What is the largest Safe UDP Packet Size on the Internet

I've read a number of articles about UDP packet sizes but have been unable to come to a conclusion on whats correct.

A number of services restrict the largest UDP packet to 512 bytes (like dns)

Given the minimum [MTU][1] on the internet is 576 , and the size of the IPv4 header is 20 bytes, and the UDP header 8 bytes. This leaves 548 bytes available for user data

Would I be able to use packets up to the size of 548 without packet fragmentation?

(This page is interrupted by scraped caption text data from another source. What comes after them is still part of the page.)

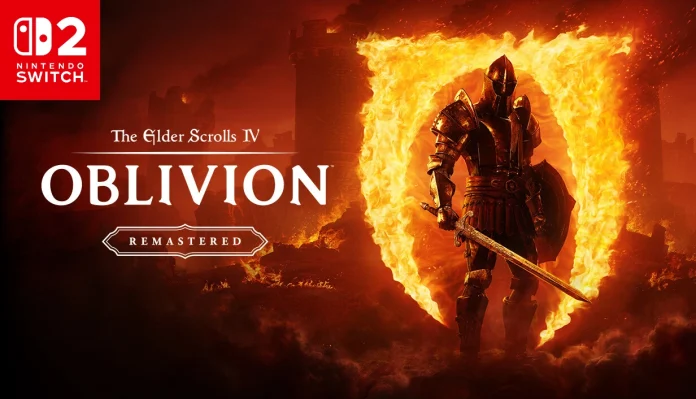 The-Elder-Scrolls-4-Oblivion-Remastered-1.1-update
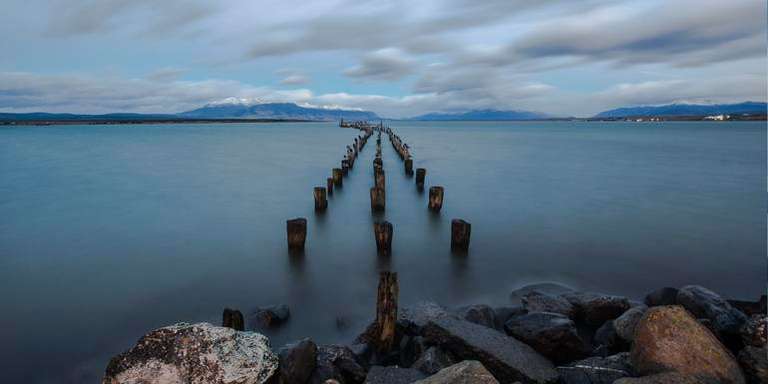 Chile Tours for Senior Citizens: Journeys: Discover Patagonia
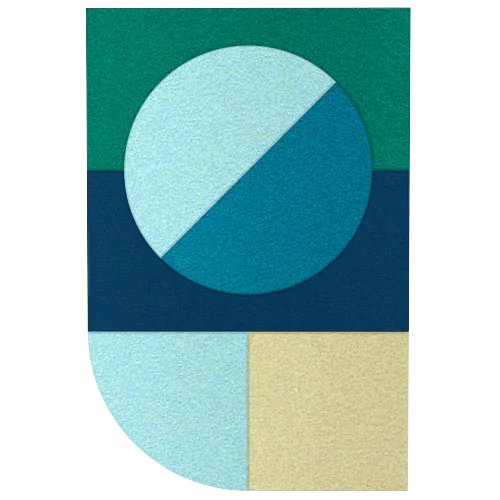Acoustic Wall Art Panels FAN 3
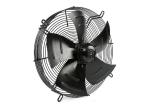 Axial Flow Fan
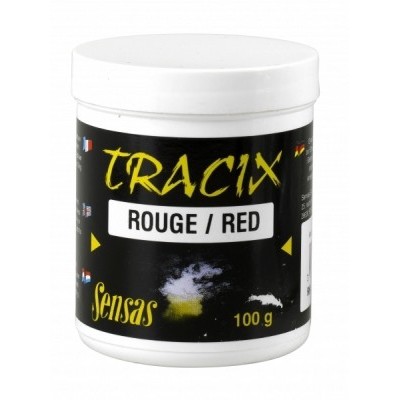 Sensas Tracix Dye Red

Or is there something the creators of DNS knew about, and that why they restricted it to 512 bytes.

Could I even go higher than 548 bytes safely?

[1]: http://en.wikipedia.org/wiki/Maximum_transmission_unit "Maximum Transmission Unit"

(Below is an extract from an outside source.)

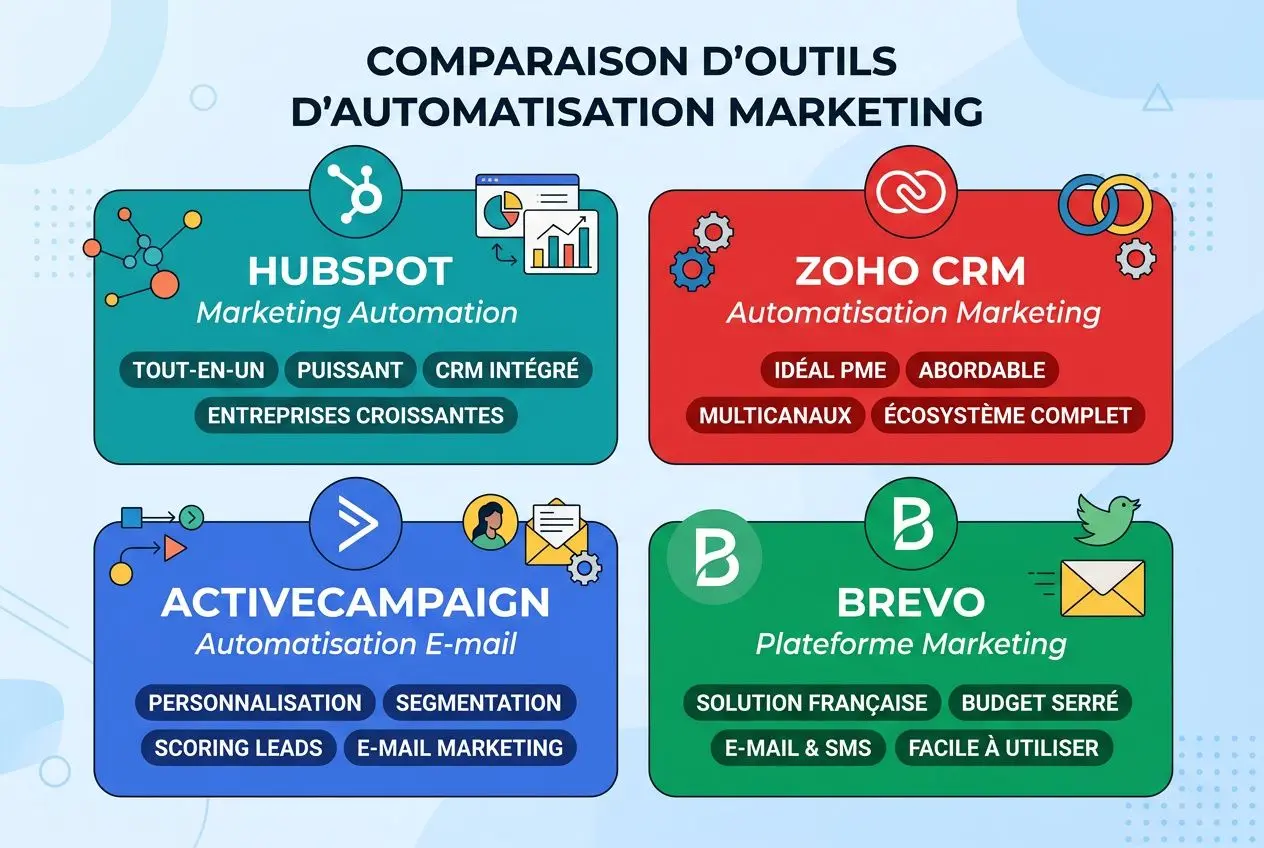 Comparaison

It is true that a typical IPv4 header is 20 bytes, and the UDP header is 8 bytes. However it is possible to include IP options which can increase the size of the IP header to as much as 60 bytes. In addition, sometimes it is necessary for intermediate nodes to encapsulate datagrams inside of another protocol such as [IPsec][1] (used for VPNs and the like) in order to route the packet to its destination. So if you do not know the [MTU][2] on your particular network path, it is best to leave a reasonable margin for other header information that you may not have anticipated. A 512-byte UDP payload is generally considered to do that, although even that does not leave quite enough space for a maximum size IP header.

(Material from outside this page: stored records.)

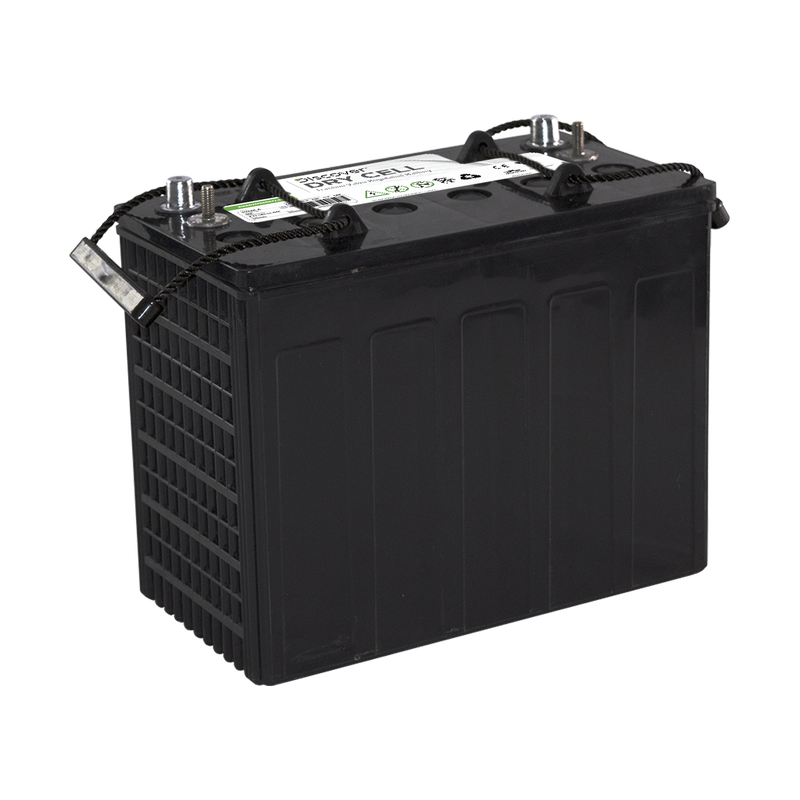 NILFISK - BATTERY 12V (2 REQUIRED)*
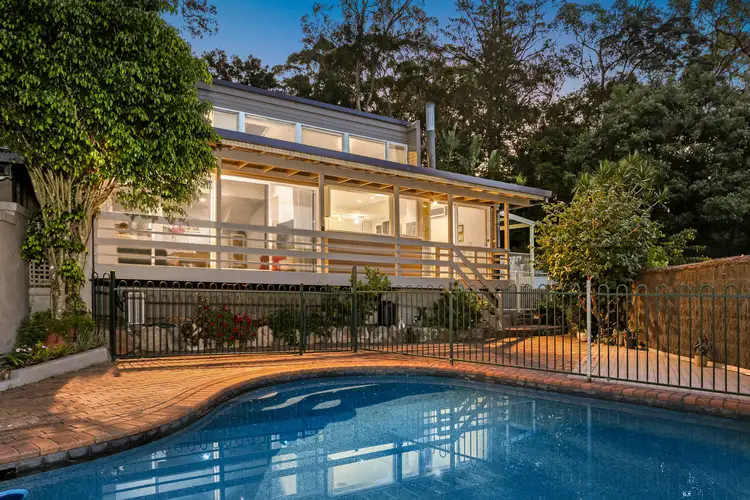 Main view of Homely house listing, 8 Gould Avenue, St Ives NSW 2075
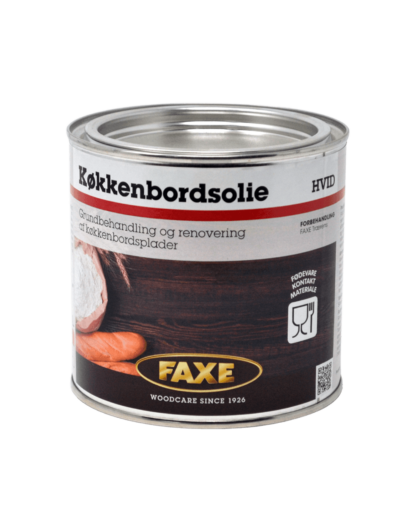 Faxe Køkkenbordsolie - Natur - Faxe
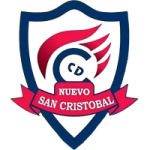 Nuevo San Cristóbal logo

[1]: http://en.wikipedia.org/wiki/IPsec "Internet Protocol Security" [2]: http://en.wikipedia.org/wiki/Maximum_transmission_unit "Maximum Transmission Unit"

The maximum safe UDP payload is 508 bytes. This is a packet size of 576 (the "minimum maximum reassembly buffer size"), minus the maximum 60-byte IP header and the 8-byte UDP header.

Any UDP payload this size or smaller is guaranteed to be deliverable over IP (though not guaranteed to be delivered). Anything larger is allowed to be outright dropped by any router for any reason. Except on an IPv6-only route, where the maximum payload is 1,212 bytes. As others have mentioned, additional protocol headers could be added in some circumstances. A more conservative value of around 300-400 bytes may be preferred instead.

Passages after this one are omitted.